Pierre va échapper aux recherches pendant des années. Mais puisqu’on ne parvient pas à le trouver, on se rabat sur sa famille. On arrête d’abord son père, puis sa sœur, puis le mari de sa sœur. Le malheureux Pierre sera finalement arrêté et pendu le 22 avril 1732, à Montpellier.
Des femmes de tous les âges
Lors de son arrestation, Marie a dix-neuf ans, elle est emmenée à la tour de Constance, à Aigues-Mortes. C’est une prison qui, depuis 1715, est réservée à la détention perpétuelle des femmes. Elle arrive dans cette tour sinistre, il y a déjà 28 femmes incarcérées.
Qui sont-elles ? Des femmes du peuple, tout simplement, qui ont appris à lire la Bible et qui ont la foi chevillée au corps. Certaines d’entre elles sont un peu exaltées, on les appelle des prophétesses. Mais toutes pleurent un être cher : un père, un mari ou un fils, condamnés aux galères à vie pour avoir refusé d’abjurer leur foi. Elles sont rasées, dépouillées de toute possession, nourries au pain et à l’eau, elles dorment sur une pauvre paillasse et l’été, endurent les fortes chaleurs, la soif et les fièvres du marais. L’hiver, au contraire, il y fait très froid.
Ces femmes ont tous les âges. Espérance Durance, par exemple, est morte entre les murs de la prison à 86 ans. Catherine Goutez n’a que six mois quand elle est incarcérée avec sa mère, elle ne ressort qu’à l’âge de 17 ans.
"Résister", gravé sur les pierres de la tour
Un seul mot et ces femmes pourraient être libres : « J’abjure », autrement dit « je renonce à la foi protestante ». Ce mot, jamais Marie Durand ne le prononcera. Sa persévérance et sa résignation lui donnent un grand ascendant sur ses compagnes, elles se donnent du courage pour ne pas abjurer. Elle va rester 38 longues années entre les murs de la tour de Constance, dont elle ne sera libérée que le 14 avril 1768.

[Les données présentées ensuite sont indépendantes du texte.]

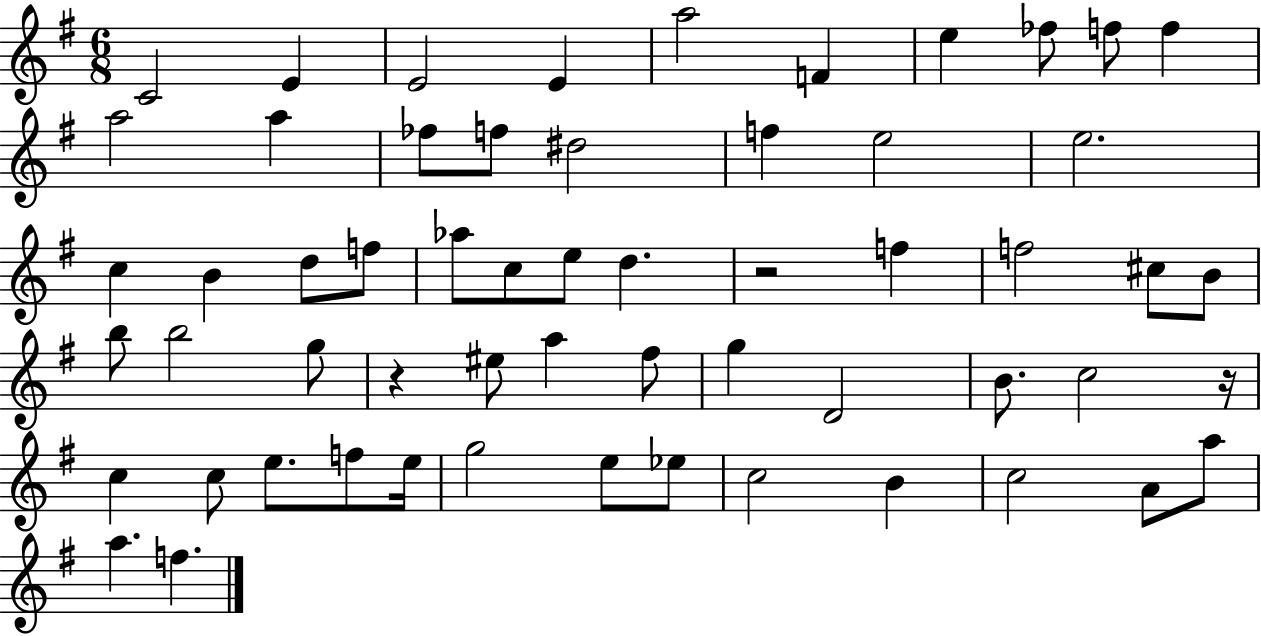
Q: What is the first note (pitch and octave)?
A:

Tout au long de sa captivité, elle a été une âme forte inébranlable auprès de ses compagnes d’infortune, les encourageant et leur rappelant chaque jour le sens de leur combat. C’est sans doute pour ça que la tradition tient Marie Durand pour l’auteur de ce mot qui est gravé dans la margelle d’un puits de lumière placé au centre de la prison : « Register », ce qui, en patois du Vivarais, veut tout simplement dire « Résister ».